Executive Summary

The constitution provides for religious freedom, including the freedom to change religions, proselytize, and establish religious schools. This freedom can be made subject to laws "reasonably required" to achieve certain listed public goals.

A Seventh-day Adventist Church was reportedly burned down on the island of Anuta by local Anglican Church leaders, and there were reports of violence within religious groups.

The U.S. government, through the embassy in Papua New Guinea and its consular agency office in country, discussed religious freedom with the government during the year. Representatives from the embassy also met with religious leaders.

Section I. Religious Demography

The U.S. government estimates the population at 622,000 (July 2015 estimate). According to the government census and independent anthropological research, approximately 90 percent of the population is affiliated with one of the following Christian churches: Anglican Church of Melanesia, 33 percent; Roman Catholic, 19 percent; South Seas Evangelical, 17 percent; Seventh-day Adventist, 11 percent; and United Methodist, 10 percent. An estimated 5 percent of the population, consisting primarily of the Kwaio ethnic community on the island of Malaita, adheres to indigenous, animistic religions. Groups together constituting less than 5 percent of the population include Muslims, Bahais, Jehovah's Witnesses, members of The Church of Jesus Christ of Latter-day Saints (Mormons), members of the Unification Church, and members of indigenous churches that have broken away from major Christian denominations.

Section II. Status of Government Respect for Religious Freedom

Legal Framework

The constitution provides for the freedom to practice, change, and proselytize for the individual and community. It also provides for the freedom to establish noncompulsory religious instruction. These provisions can be made subject to laws "reasonably required" to protect the rights of others or for defense or public safety, order, morality, or health. No such laws have been reported.

All religious groups must register with the government. Religious groups are required to apply in writing to the Registrar of Companies for a certificate of registration. The registrar will issue a certificate when satisfied that the nature, extent, objectives, and circumstances of the applicant are noncommercial. There have been no reports of groups being denied registration.

The public school curriculum included an hour of daily religious instruction, the content of which is agreed by the member churches of the Solomon Islands Christian Association (SICA), an ecumenical nongovernmental organization comprising the county's five largest churches. Parents were able to have their children excused from religious education. Government-subsidized church schools were required to align their other curricula with governmental criteria. Non-Christian religious instruction was provided in the schools upon request.

Government Practices

The government interacted with religious groups through the Ministry of Home Affairs. The Ministry of Home Affairs characterized its role as maintaining a balance between constitutionally protected rights of religious freedom, free speech, and free expression and maintaining public order.

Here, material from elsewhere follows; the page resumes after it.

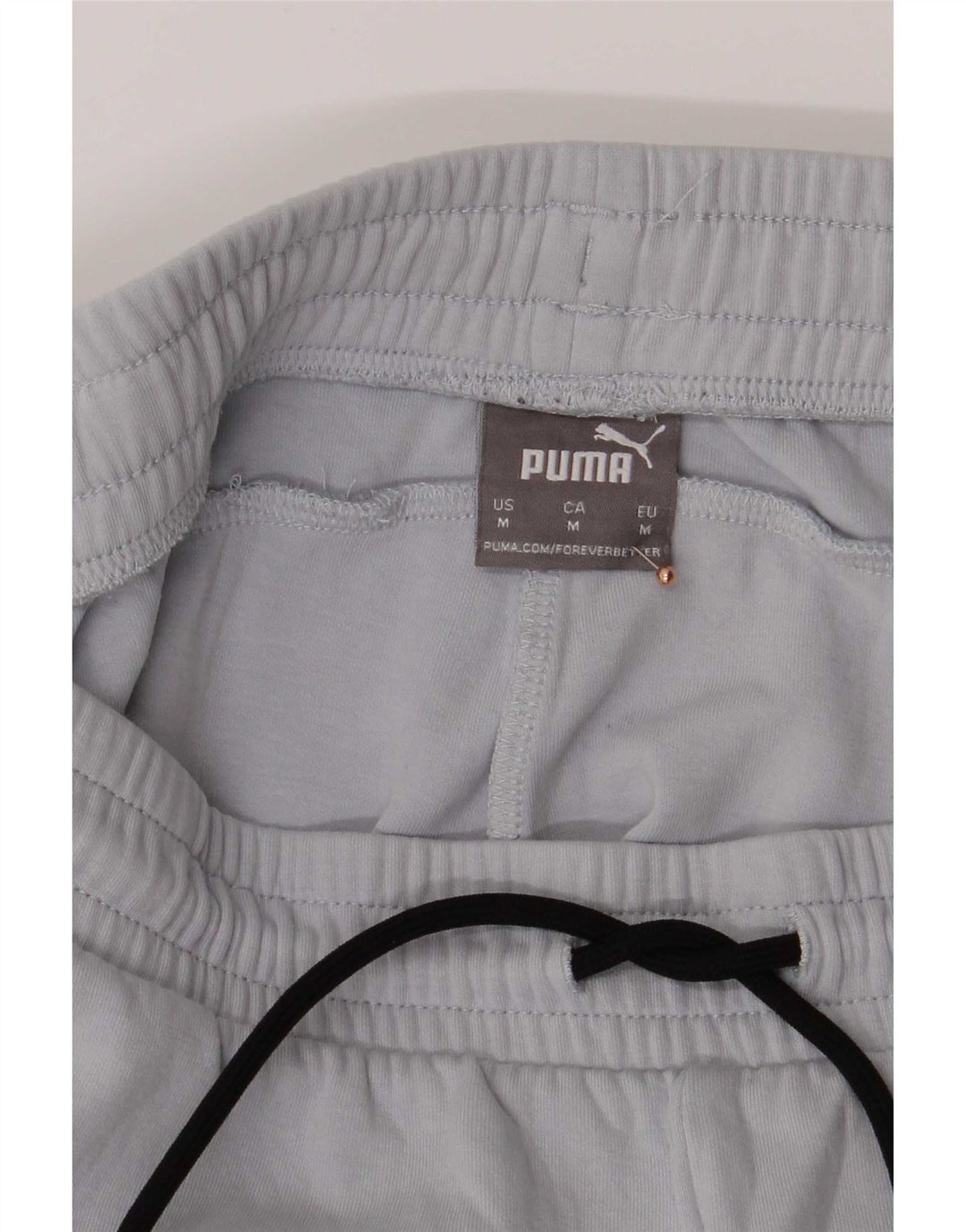 Pantaloni da tuta da donna Puma Joggers UK 12 Grigio medio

Religious groups operated several schools and health services. The government subsidized most of the schools administered by the Catholic Church, the Anglican Church of Melanesia, the United Church, the South Seas Evangelical Church, and the Seventh-day Adventist Church. There were no reports of discrimination among groups in receiving these subsidies.

Government oaths of office customarily are taken on the Bible, but this was not a compulsory practice.

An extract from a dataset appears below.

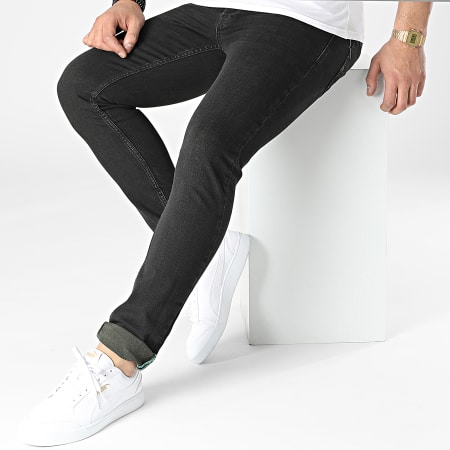 Classic Series - Slim Jeans 7754 Negro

Section III. Status of Societal Respect for Religious Freedom

There were societal disputes within faith communities, particularly in rural areas, that sometimes resulted in violence. Violence occurred when control over financial or land assets of the faith community was at stake and was accompanied by ethnic, tribal, or political divisions within a community, according to local observers.

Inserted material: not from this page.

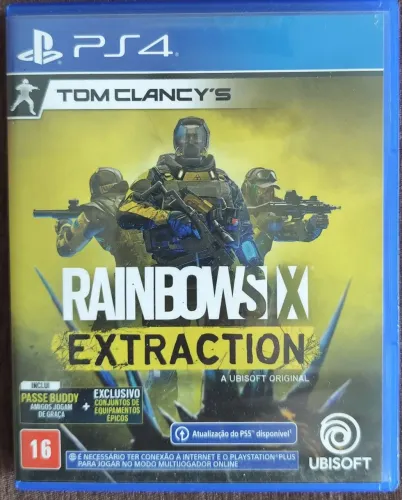 Tom Clancy's Rainbow Six Extraction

According to media reports, in August, a Seventh-day Adventist Church was burned down on the island of Anuta by local Anglican Church leaders. The son of the island's chief reportedly said the Adventist's beliefs were not acceptable to Anuta's chiefly traditions and asked Adventists to leave the island.

The five largest religious groups that make up SICA continued to play a leading role in civic life, organizing joint religious activities and encouraging religious representation at national events.

Section IV. U.S. Government Policy

U.S. government representatives from the embassy in Papua New Guinea, and its consular agency office in country, discussed religious freedom with the government. Embassy staff met with representatives of the Bahai community, Church of Melanesia, South Seas Evangelical Church, and Catholic nuns to discuss and highlight the importance of religious freedom.